:: ACTION ITEM ::
Starting at the line that contains "Tiffany & Co.", please transcribe every line through the end of the entries, exactly and with no pictures.

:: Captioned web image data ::

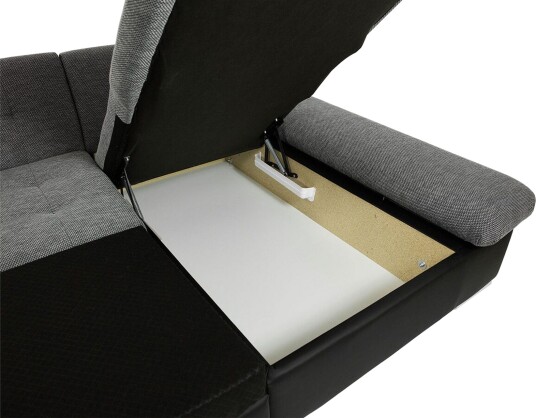 Kintore 5 sits Hörnbäddsoffa Dark grey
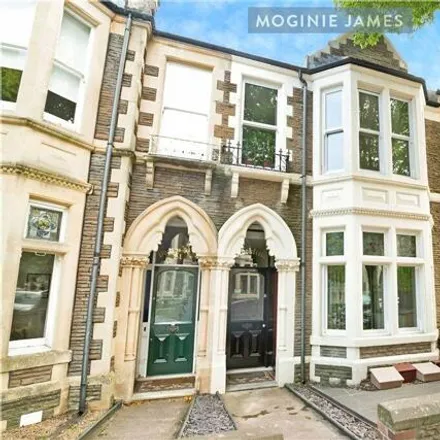 Buy this 4 bed townhouse on 17 Morlais Street in Cardiff, CF23 5HQ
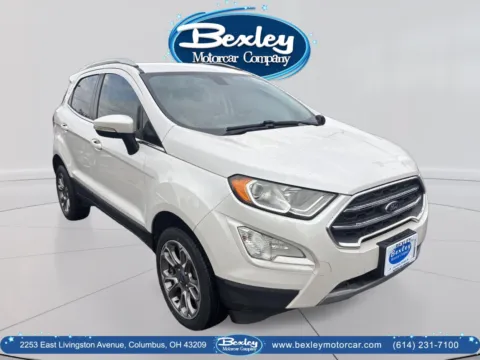 Another view of 2018 Ford EcoSport Titanium for sale in Columbus, OH at Bexley Motorcar Company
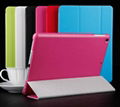 PU Leather Foldable Smart Case Cover For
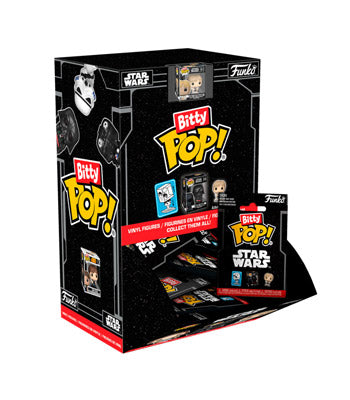 Funko Bitty POP! Star Wars Mini Figure Single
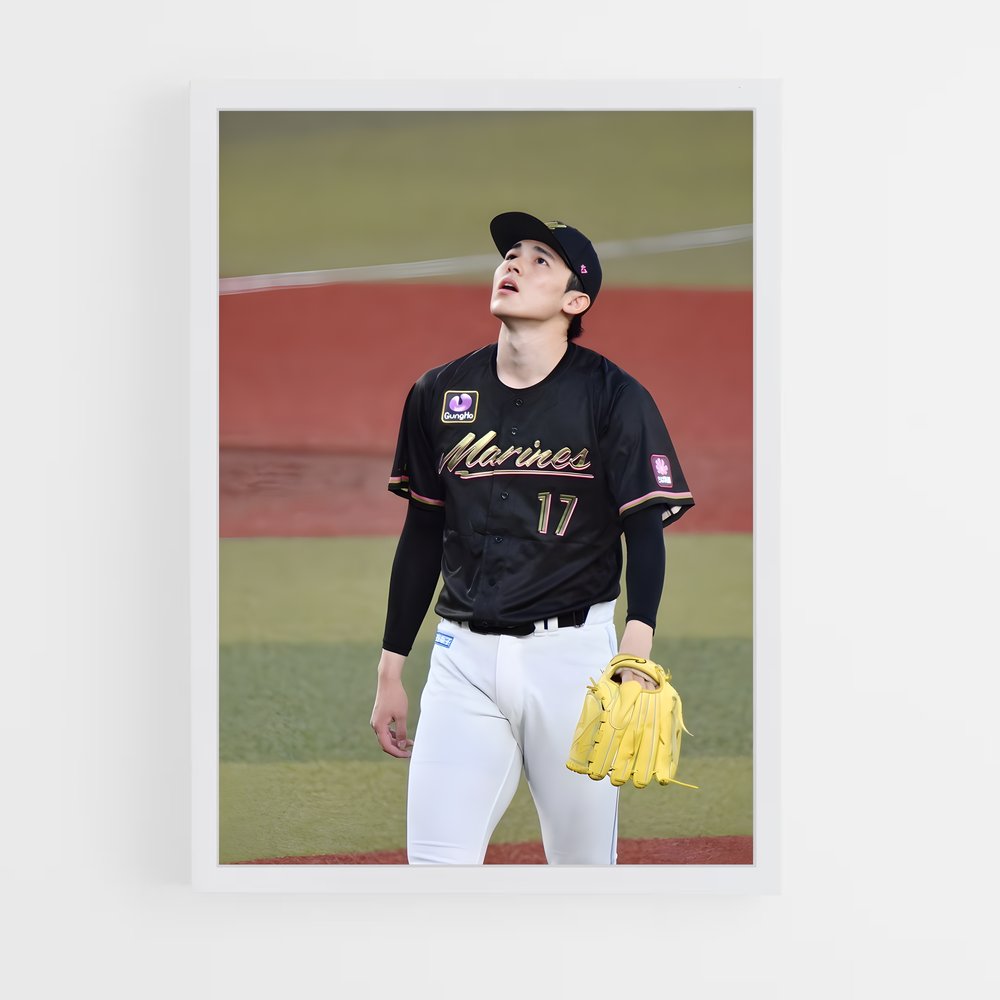 Poster Strike de Roki – affiche Baseball (vue 3)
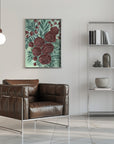 Plakat - Sharonnie red roses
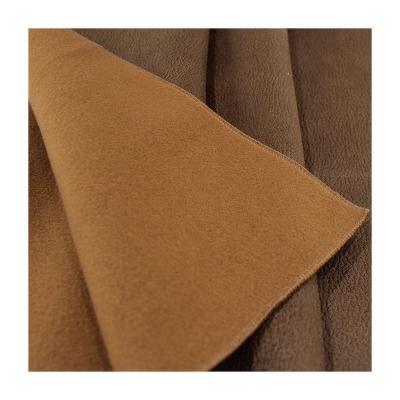 China Breathable high quality manufacturing suede waterproof fabric for sale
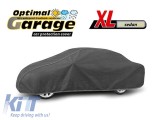 Husa Kegel Optimal Garage seria XL, culoare grafit potrivita pentru sedan Performance AutoTuning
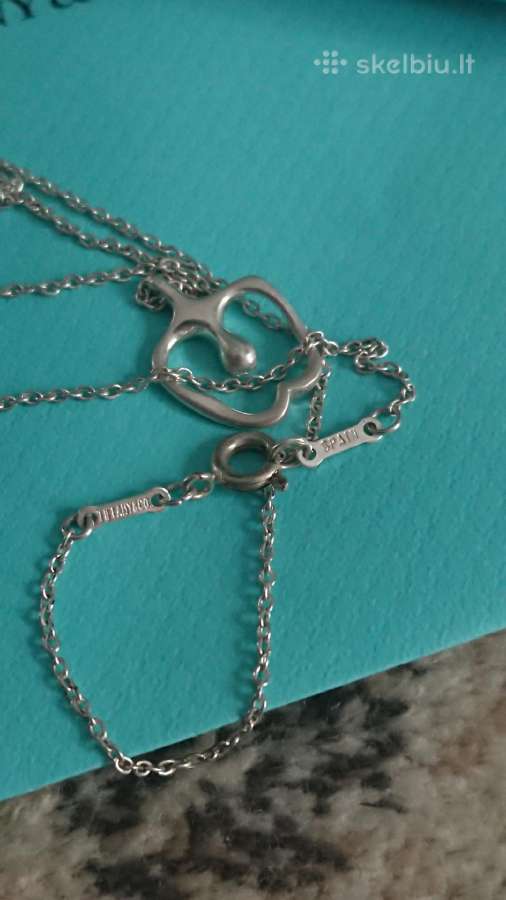 Tiffany & Co. Apple necklace ag925 - nuotraukos Nr. 2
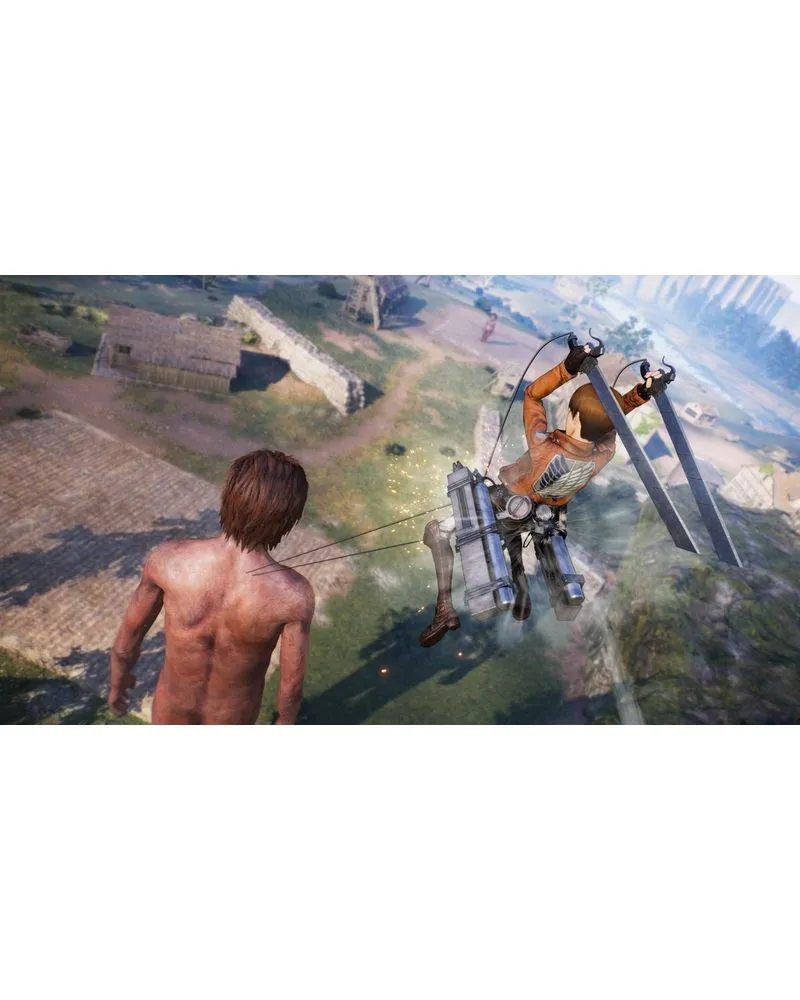 PS5 Attack on Titan 3 
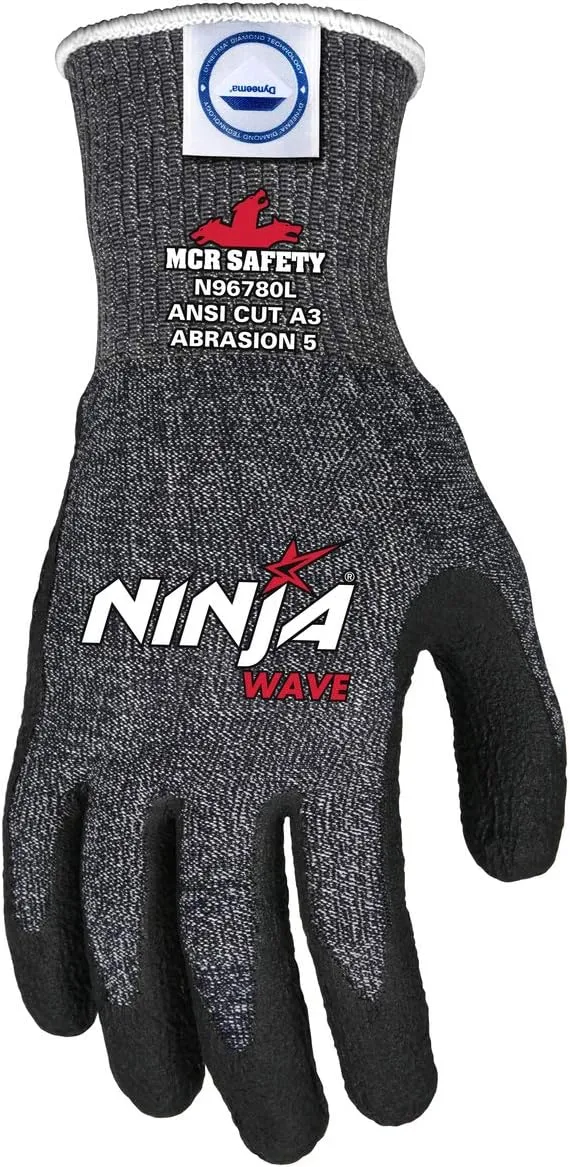 MCR Safety Ninja Wave N96780 Protective Gloves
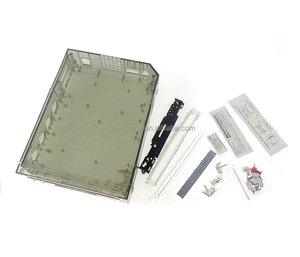 Perakende ambalaj ile 10 renk kapak tam konut case Nintendo wii konsolu yedek konut kabuk tam perakende parçaları ile - Product Image 5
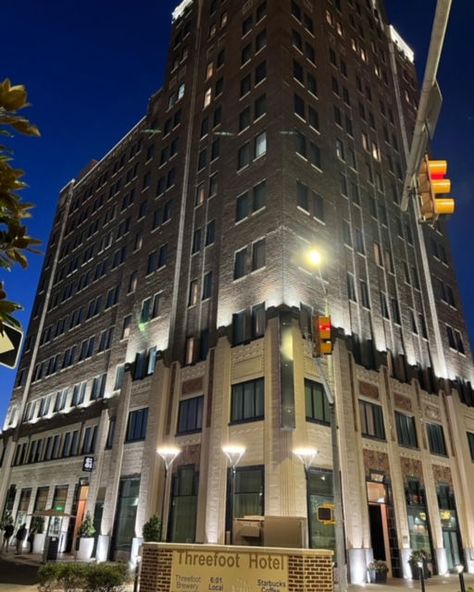 4 Great Reasons to Spend the Night in Meridian, Mississippi Meridian Mississippi, Ticket To Ride, Heritage Museum, Art Deco Buildings, 1st Night, Childrens Museum, Carousel Horses, Beautiful Hotels, Rooftop Bar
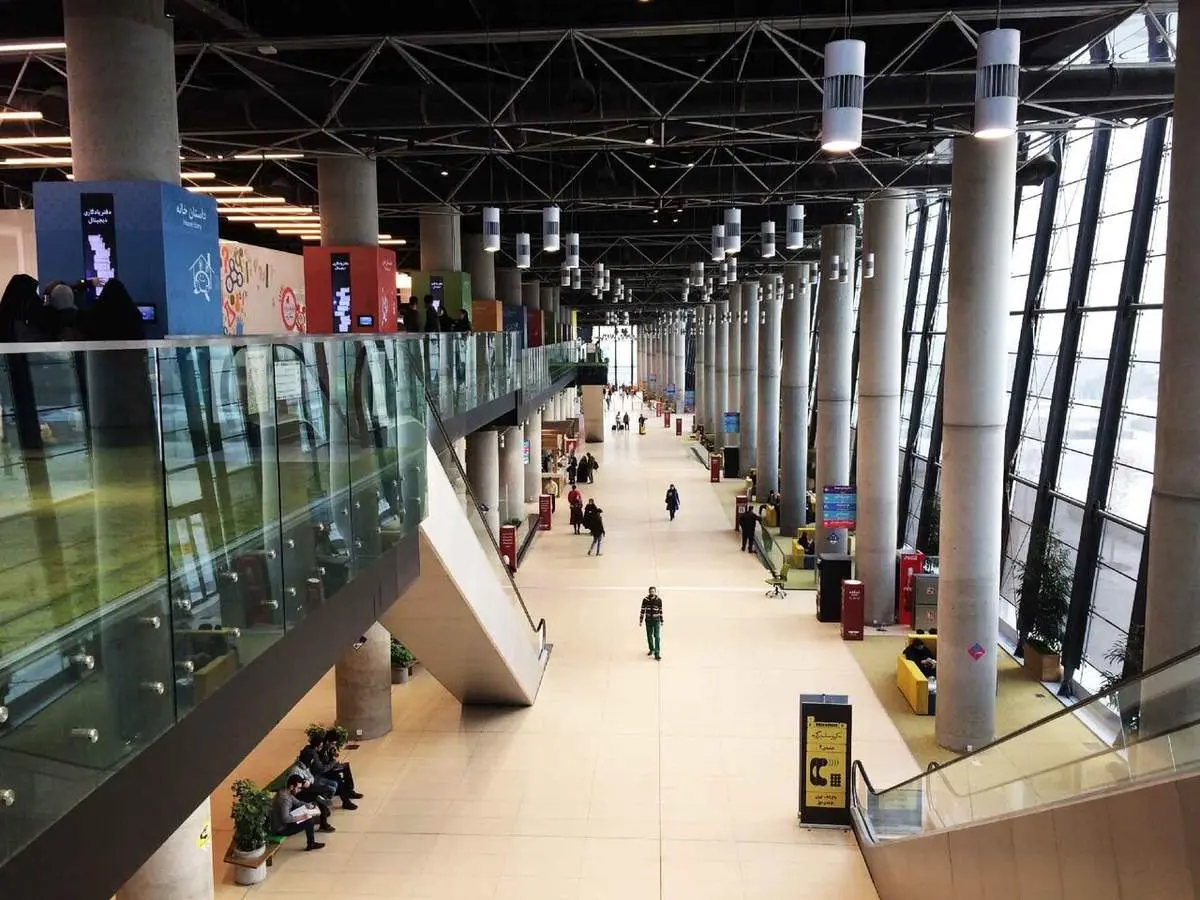 باغ کتاب تهران دوباره فعال شد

:: RESULT FOR THIS TASK ::
 Tiffany & Co. Apple necklace ag925 - nuotraukos Nr. 2
 PS5 Attack on Titan 3 
 MCR Safety Ninja Wave N96780 Protective Gloves
 Perakende ambalaj ile 10 renk kapak tam konut case Nintendo wii konsolu yedek konut kabuk tam perakende parçaları ile - Product Image 5
 4 Great Reasons to Spend the Night in Meridian, Mississippi Meridian Mississippi, Ticket To Ride, Heritage Museum, Art Deco Buildings, 1st Night, Childrens Museum, Carousel Horses, Beautiful Hotels, Rooftop Bar
 باغ کتاب تهران دوباره فعال شد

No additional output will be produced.